Records from a data source
┄┄┄┄┄┄┄┄┄┄┄┄┄┄┄┄┄┄┄┄

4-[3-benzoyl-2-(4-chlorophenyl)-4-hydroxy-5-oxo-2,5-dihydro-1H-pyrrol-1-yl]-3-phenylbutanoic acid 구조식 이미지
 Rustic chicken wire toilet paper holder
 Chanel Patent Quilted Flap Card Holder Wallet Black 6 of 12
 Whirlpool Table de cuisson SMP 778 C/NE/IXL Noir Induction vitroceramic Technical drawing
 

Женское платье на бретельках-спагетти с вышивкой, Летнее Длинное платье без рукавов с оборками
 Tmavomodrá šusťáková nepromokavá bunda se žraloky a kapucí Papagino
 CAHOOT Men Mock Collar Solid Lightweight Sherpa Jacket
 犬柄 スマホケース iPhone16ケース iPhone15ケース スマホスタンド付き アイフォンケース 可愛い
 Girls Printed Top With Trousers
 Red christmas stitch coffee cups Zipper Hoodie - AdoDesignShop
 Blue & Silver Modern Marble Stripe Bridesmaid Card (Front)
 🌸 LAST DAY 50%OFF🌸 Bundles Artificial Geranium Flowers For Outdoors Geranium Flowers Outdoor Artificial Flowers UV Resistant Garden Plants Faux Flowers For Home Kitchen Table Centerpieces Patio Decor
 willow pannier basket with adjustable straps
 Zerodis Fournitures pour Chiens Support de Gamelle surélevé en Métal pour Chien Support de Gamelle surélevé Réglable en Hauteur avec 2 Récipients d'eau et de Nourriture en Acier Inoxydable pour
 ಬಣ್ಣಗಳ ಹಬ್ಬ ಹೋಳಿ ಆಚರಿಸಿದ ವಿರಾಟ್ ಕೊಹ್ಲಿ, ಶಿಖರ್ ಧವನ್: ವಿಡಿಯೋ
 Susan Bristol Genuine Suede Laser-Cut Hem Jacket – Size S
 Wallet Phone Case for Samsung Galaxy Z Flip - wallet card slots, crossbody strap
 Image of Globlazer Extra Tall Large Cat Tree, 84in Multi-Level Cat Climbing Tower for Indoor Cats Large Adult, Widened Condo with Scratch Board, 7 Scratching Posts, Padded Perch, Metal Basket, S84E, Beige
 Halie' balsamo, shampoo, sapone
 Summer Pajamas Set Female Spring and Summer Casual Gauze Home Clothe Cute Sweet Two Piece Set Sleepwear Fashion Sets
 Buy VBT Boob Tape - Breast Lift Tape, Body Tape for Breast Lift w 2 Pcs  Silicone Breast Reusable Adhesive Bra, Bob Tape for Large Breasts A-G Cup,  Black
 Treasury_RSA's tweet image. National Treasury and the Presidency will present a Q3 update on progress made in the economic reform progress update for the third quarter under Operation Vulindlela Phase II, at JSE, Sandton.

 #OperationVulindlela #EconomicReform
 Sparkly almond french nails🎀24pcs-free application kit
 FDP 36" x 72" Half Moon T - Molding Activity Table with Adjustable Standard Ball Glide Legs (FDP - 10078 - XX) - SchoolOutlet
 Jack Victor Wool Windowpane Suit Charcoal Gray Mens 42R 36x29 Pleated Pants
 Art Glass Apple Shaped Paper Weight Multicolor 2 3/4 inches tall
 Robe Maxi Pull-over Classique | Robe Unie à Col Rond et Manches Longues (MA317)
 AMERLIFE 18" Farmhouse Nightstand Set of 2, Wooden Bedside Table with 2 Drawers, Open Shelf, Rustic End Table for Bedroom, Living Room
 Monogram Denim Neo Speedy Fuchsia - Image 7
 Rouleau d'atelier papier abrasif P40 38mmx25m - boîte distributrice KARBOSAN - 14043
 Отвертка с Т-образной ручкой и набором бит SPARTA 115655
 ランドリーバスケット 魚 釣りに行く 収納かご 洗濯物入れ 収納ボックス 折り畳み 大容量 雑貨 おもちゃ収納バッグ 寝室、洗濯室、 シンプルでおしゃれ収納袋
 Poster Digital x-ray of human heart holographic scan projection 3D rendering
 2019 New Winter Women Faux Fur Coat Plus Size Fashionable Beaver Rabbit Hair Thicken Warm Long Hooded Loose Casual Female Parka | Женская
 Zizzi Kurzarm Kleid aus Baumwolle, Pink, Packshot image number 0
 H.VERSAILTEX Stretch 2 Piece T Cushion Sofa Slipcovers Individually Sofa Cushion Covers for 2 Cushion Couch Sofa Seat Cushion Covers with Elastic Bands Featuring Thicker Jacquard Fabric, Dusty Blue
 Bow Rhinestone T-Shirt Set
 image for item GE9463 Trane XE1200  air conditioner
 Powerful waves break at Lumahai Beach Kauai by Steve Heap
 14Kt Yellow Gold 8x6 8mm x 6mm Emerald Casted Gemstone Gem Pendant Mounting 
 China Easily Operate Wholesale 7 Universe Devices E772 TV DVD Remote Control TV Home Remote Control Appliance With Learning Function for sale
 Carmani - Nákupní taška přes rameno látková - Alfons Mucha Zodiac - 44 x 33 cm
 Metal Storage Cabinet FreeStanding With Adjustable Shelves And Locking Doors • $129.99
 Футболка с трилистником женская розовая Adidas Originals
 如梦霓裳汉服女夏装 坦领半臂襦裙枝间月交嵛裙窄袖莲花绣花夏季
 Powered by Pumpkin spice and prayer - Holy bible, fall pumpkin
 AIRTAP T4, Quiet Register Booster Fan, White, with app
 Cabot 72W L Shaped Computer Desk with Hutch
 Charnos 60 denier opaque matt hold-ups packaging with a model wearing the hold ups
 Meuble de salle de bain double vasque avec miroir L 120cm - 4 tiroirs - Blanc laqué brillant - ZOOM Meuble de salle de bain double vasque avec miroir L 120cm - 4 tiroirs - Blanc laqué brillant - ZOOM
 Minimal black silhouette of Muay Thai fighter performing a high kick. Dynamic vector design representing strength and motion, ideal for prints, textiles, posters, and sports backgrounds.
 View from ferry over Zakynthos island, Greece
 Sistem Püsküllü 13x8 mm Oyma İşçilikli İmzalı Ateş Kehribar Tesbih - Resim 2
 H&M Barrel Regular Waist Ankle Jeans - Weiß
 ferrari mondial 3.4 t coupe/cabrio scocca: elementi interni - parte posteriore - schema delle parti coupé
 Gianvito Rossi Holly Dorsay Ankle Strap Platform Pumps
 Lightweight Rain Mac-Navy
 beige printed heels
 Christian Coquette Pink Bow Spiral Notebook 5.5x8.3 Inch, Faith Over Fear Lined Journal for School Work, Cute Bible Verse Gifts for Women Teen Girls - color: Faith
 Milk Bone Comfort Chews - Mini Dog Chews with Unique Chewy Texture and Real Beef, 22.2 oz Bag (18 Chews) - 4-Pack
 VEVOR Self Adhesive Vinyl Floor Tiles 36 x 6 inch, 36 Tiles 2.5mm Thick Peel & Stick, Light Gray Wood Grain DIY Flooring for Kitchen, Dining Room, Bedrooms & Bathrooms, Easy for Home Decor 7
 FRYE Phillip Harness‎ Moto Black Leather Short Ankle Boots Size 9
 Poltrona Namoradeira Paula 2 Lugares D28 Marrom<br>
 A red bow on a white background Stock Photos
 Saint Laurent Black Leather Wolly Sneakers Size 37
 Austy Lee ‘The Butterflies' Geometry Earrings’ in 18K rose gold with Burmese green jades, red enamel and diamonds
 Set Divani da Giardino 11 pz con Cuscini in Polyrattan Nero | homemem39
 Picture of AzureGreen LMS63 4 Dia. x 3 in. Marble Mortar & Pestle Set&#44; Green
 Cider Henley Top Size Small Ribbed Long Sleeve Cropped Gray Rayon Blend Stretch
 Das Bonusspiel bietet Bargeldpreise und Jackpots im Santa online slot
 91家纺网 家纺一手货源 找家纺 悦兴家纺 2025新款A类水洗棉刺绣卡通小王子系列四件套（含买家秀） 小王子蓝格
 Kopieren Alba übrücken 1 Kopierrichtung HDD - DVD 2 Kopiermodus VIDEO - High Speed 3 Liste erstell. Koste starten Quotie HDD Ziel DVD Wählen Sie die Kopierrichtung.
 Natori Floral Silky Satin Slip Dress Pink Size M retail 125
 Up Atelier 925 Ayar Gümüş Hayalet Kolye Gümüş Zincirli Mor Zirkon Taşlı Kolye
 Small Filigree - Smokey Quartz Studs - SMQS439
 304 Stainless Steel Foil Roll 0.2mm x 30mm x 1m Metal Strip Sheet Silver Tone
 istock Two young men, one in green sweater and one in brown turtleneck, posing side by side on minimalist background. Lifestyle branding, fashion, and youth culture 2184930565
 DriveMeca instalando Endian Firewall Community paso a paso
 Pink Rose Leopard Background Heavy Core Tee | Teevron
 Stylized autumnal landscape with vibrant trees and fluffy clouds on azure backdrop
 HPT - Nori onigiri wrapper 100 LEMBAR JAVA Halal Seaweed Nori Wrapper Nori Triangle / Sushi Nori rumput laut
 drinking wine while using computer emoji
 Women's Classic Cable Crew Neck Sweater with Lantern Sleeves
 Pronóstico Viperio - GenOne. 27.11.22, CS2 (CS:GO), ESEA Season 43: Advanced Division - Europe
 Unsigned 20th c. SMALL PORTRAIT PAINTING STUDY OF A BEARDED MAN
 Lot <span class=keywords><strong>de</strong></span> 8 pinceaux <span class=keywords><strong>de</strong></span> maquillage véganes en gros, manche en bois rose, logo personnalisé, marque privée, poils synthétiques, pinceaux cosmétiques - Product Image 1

┄┄┄┄┄┄┄┄┄┄┄┄┄┄┄┄┄┄┄┄

*Task statement*. Please restate the records word for word. Go from the first line to the line with "Whirlpool Table de" and include both.

*Solution to the problem*.
4-[3-benzoyl-2-(4-chlorophenyl)-4-hydroxy-5-oxo-2,5-dihydro-1H-pyrrol-1-yl]-3-phenylbutanoic acid 구조식 이미지
 Rustic chicken wire toilet paper holder
 Chanel Patent Quilted Flap Card Holder Wallet Black 6 of 12
 Whirlpool Table de cuisson SMP 778 C/NE/IXL Noir Induction vitroceramic Technical drawing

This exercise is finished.